The first scandal erupted in January after Rzeczpospolita,
a leading Warsaw daily, published a series of investigative pieces
on official corruption. Justice Minister Lech Kaczynski accused the paper
of conspiring with the Polish Special Services to uncover compromising
evidence designed to ruin officials' reputations and force them to resign;
the paper denied the charge. Kaczynski implied that the paper's evidence
was invalid and opened an investigation to find out who had leaked the
compromising information.
Kaczynski subsequently retracted these claims in
a January 13 letter of apology to Rzeczpospolita and promised to
investigate the newspaper's allegations. But the paper, along with politicians
and media and civic groups, accused Kaczynski of assaulting press freedom.
The controversy finally died down in August, when Kaczynki's initial investigation
into the paper's alleged collusion with the Special Services was dropped.
Kaczynski was at the center of a second scandal
that shook Poland in June, when the public television network TVP accused
the minister and his brother, Jaroslaw, of embezzling US$600,000 during
the 1990s that had been earmarked to repay part of Poland's foreign debt.
The network, whose management has close ties to Poland's former communist
SLD movement, charged that the Kaczynski brothers used the money to finance
their right-wing Law and Justice party, an SLD rival.
A group of parliamentarians from several parties
charged that TVP's report was a biased and politically motivated effort
to discredit the SLD's rival candidates during the parliamentary election
campaign.
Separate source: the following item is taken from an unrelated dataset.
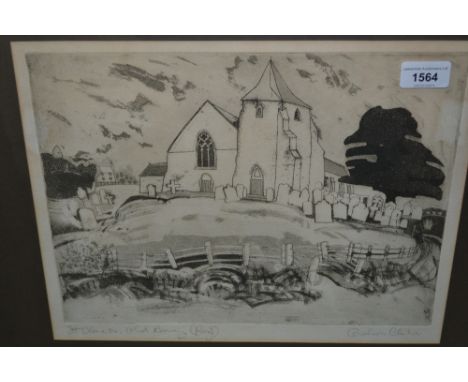 Graham Clarke, signed artists proof etching, St. Clements, Old Romney, 11.5ins x 14.5ins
The Association of Polish Journalists also accused the network
of allowing political bosses to exploit it for political ends. "Freedom
of speech was supposed to exist in a free Poland, and public television
was supposed to be reliable and unbiased," the association said,
according to the Polish news agency Polska Agencja Prasowa. "Never
have we departed so far from these values and standards." The association
called for amendments to the national broadcasting law to prevent media
exploitation for political purposes.
On July 2, the Kaczynski brothers sued TVP and sought
an apology for the network's allegations. The case was still pending at
the end of the year.
Meanwhile, Poland's goal of joining the European
Union, which has called for legal and constitutional reforms, boosted
legislation that promotes greater press freedom in 2001. After long delays,
parliament approved a new Access to Public Information Law. In October,
a month after its final approval, the law was tested in a Lublin District
Court case when Miroslaw Sznajder, editor-in-chief of the Krasnik-based
newspaper Nowiny Krasnicke, filed a complaint against local mayor
Piotr Czubinski. The court found Czubinski guilty of witholding public
information and ordered him to pay a 2200 zloty (US$540) fine to the Press
Freedom Monitoring Center. The mayor also promised never to obstruct press
investigations again.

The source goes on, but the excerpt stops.